GIVEN RECORDS:
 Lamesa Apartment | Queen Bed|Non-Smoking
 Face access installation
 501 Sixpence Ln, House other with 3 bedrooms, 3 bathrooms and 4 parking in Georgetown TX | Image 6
* * *
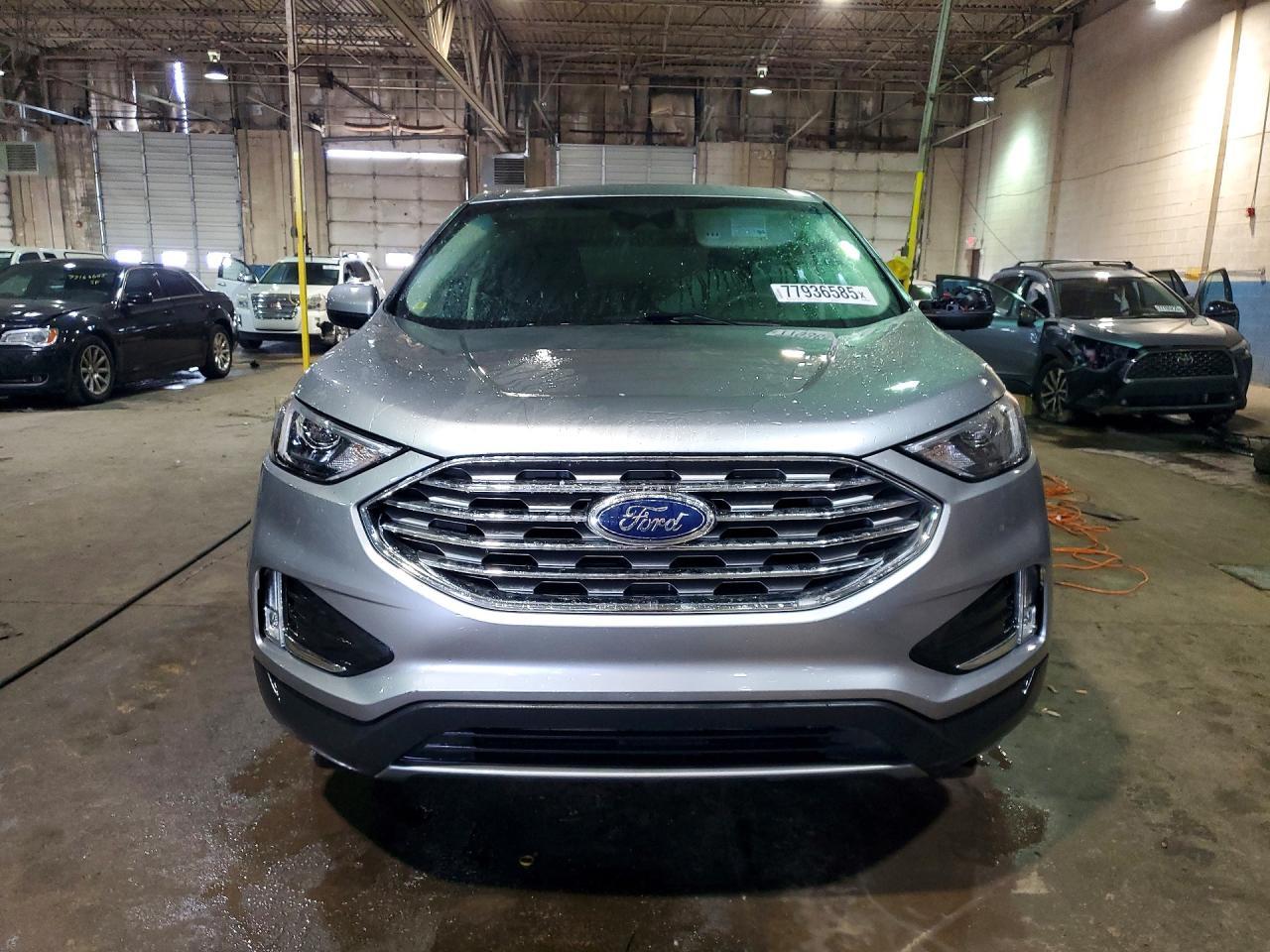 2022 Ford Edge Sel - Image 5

THE TASK: Set down, exactly as they appear above, all lines from the one that has "Lamesa Apartment | Queen Bed|Non-Smoking" down to the one that has "501 Sixpence Ln, House", including those two and no others.

OUTPUT BELOW:
 Lamesa Apartment | Queen Bed|Non-Smoking
 Face access installation
 501 Sixpence Ln, House other with 3 bedrooms, 3 bathrooms and 4 parking in Georgetown TX | Image 6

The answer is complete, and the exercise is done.